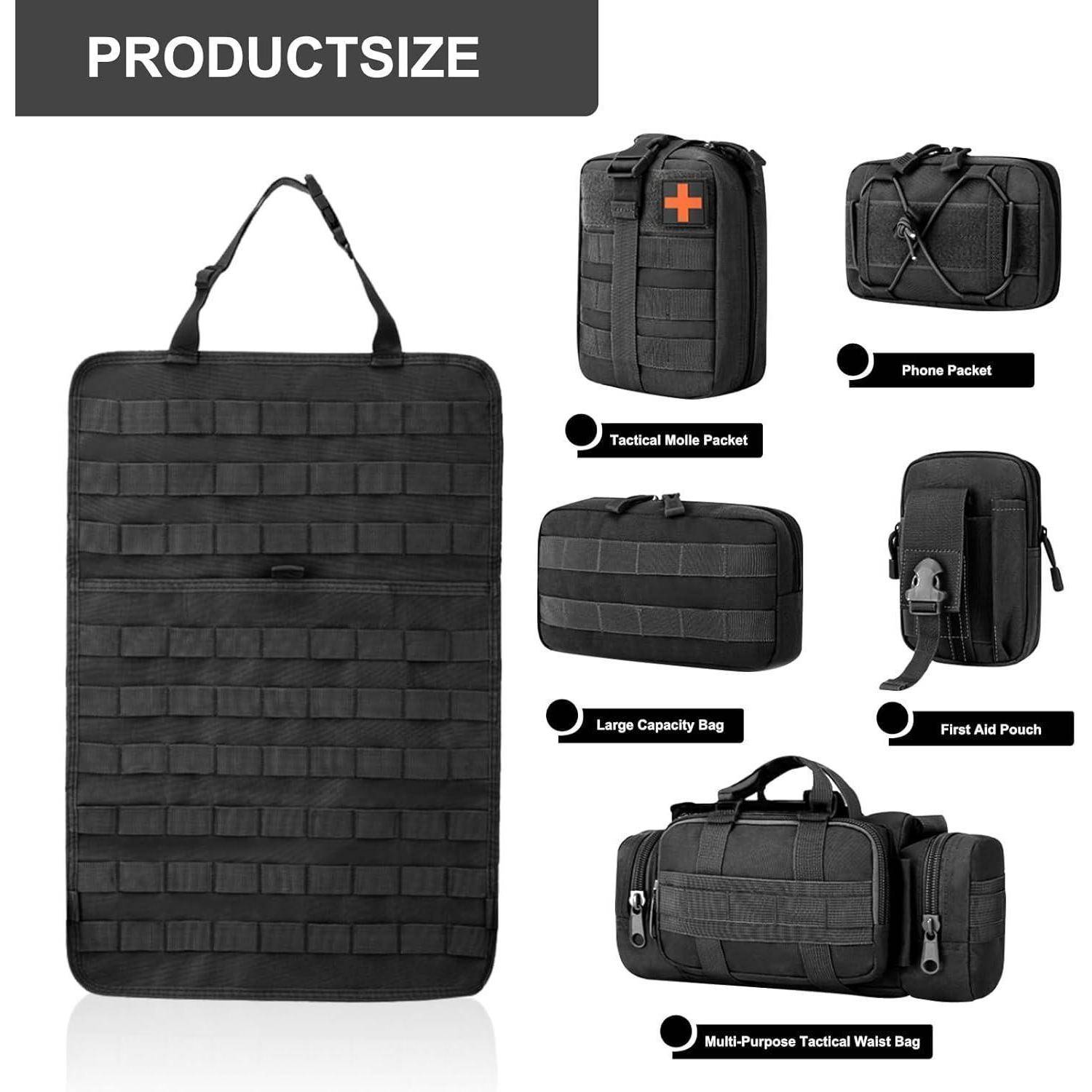 Schwarze Tasche in Produktgröße mit taktischem MOLLE-System, gezeigt mit mehreren Taschen und Verwendungszwecken: Telefonbeutel, Erste-Hilfe-Tasche, Tasche mit großer Kapazität und Hüfttasche.
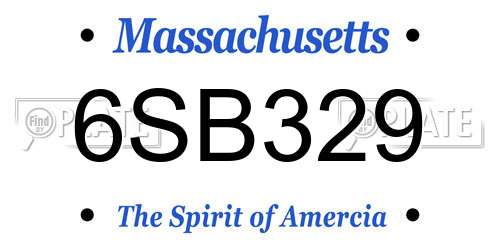 6SB329 Massachusetts License Plate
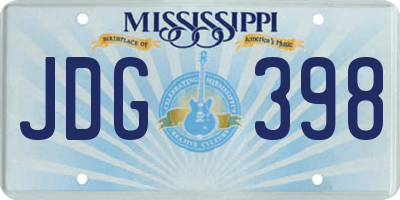 MS license plate JDG398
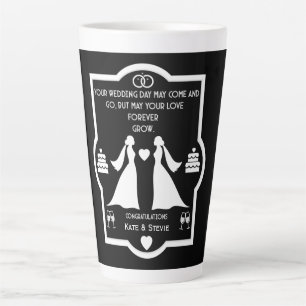 Taza De Café Latte Aniversario del Boda de Chicas gay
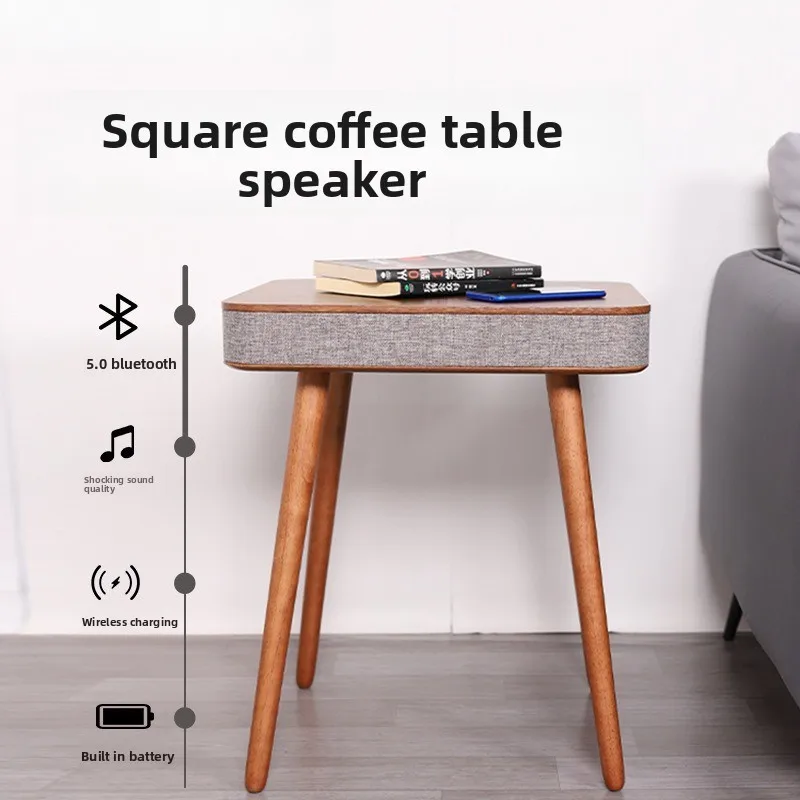 VYOPBC Square Coffee Table with Wireless Charging Bluetooth Speaker Stereo Sound for Living Room Hotel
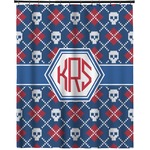 Knitted Argyle & Skulls Extra Long Shower Curtain - 70"x84" (Personalized)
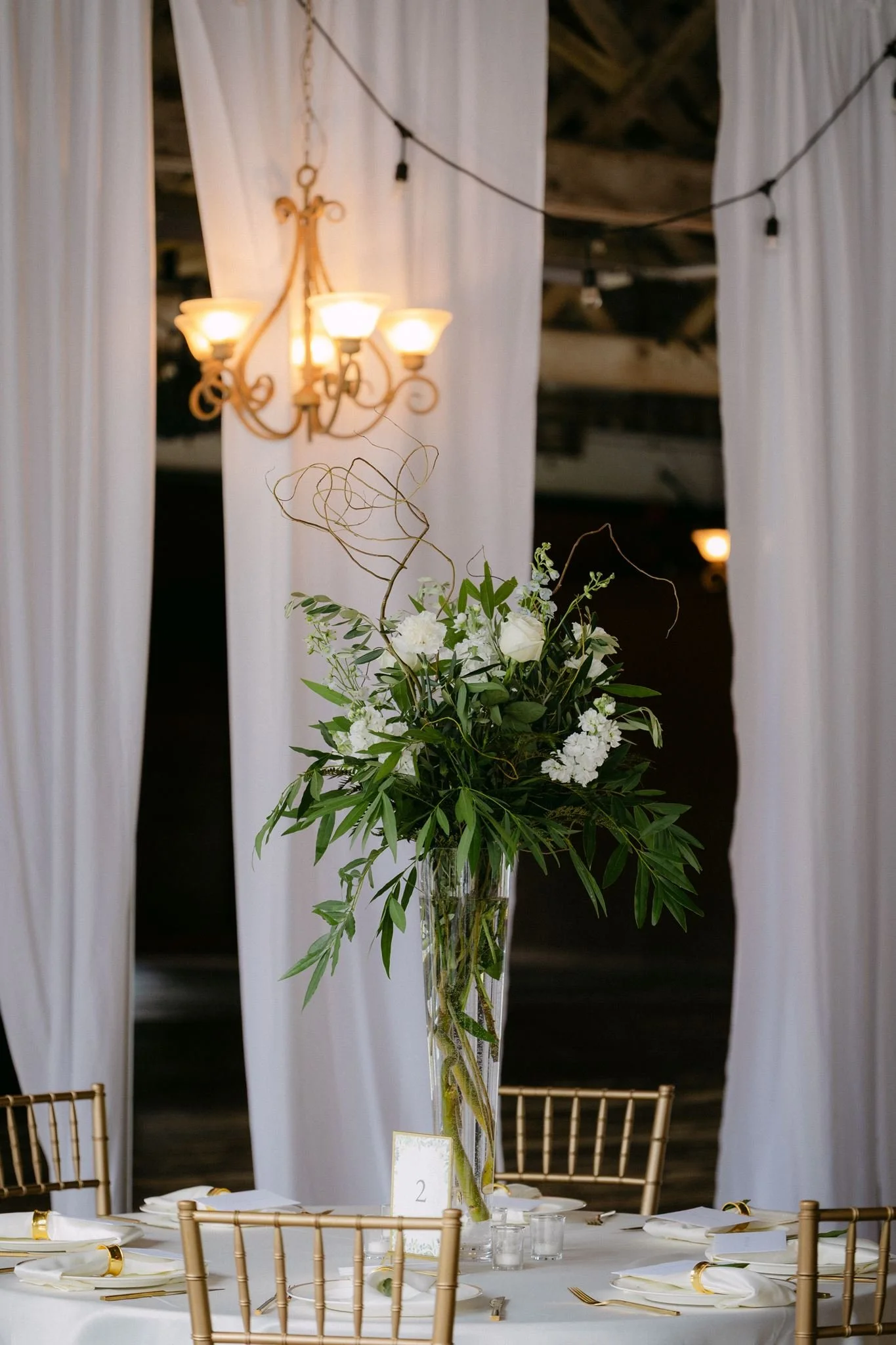 elegant wedding reception set up at carnation farms in washington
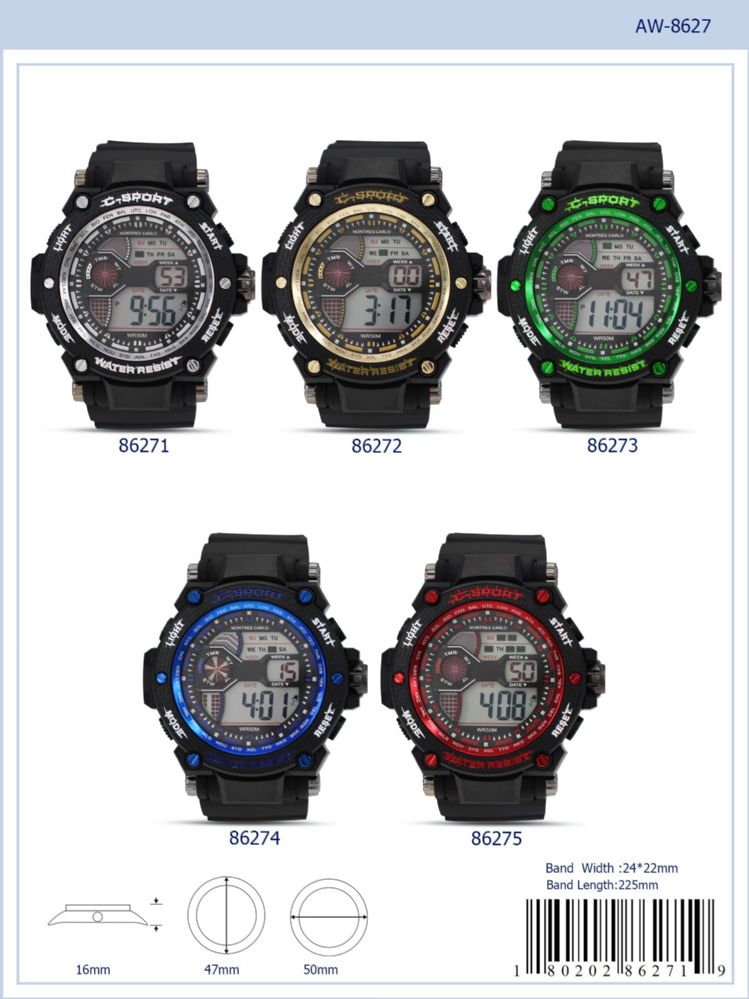 12 Wholesale Digital Watch 86275 Assorted Colors at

━━━

Return the records exactly. Don't carry the pictures over.

**Exercise solution:**
 Schwarze Tasche in Produktgröße mit taktischem MOLLE-System, gezeigt mit mehreren Taschen und Verwendungszwecken: Telefonbeutel, Erste-Hilfe-Tasche, Tasche mit großer Kapazität und Hüfttasche.
 6SB329 Massachusetts License Plate
 MS license plate JDG398
 Taza De Café Latte Aniversario del Boda de Chicas gay
 VYOPBC Square Coffee Table with Wireless Charging Bluetooth Speaker Stereo Sound for Living Room Hotel
 Knitted Argyle & Skulls Extra Long Shower Curtain - 70"x84" (Personalized)
 elegant wedding reception set up at carnation farms in washington
 12 Wholesale Digital Watch 86275 Assorted Colors at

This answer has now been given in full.